### Task statement
Below is a listing; restate from it, character for character, the lines beginning at the line holding "Aerial view of shipping container freighter" and ending at the line holding "Moule à glaçons", both included.

### Records for the exercise
__________________________________________________

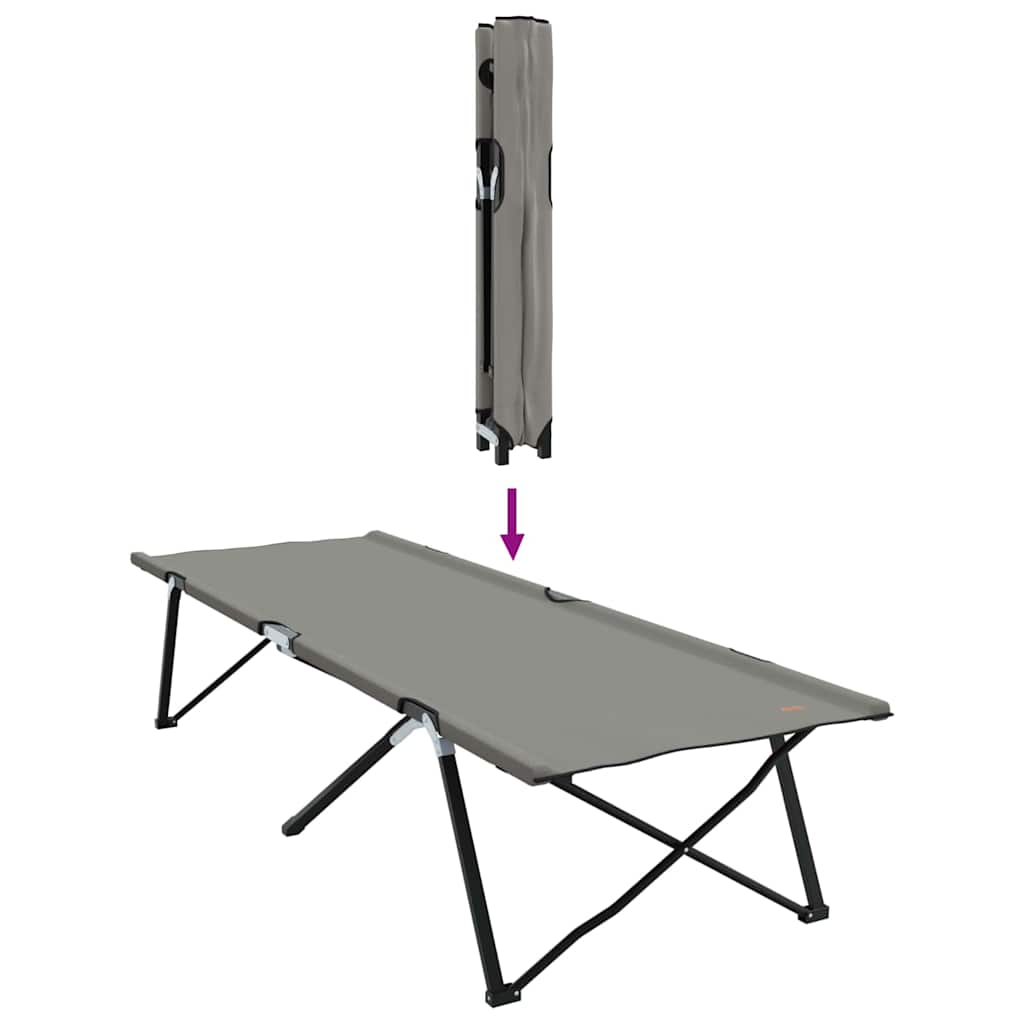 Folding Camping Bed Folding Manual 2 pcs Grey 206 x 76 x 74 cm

__________________________________________________

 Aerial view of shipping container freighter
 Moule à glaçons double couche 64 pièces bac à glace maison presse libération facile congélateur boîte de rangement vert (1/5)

__________________________________________________

### Reply to the exercise
 Aerial view of shipping container freighter
 Moule à glaçons double couche 64 pièces bac à glace maison presse libération facile congélateur boîte de rangement vert (1/5)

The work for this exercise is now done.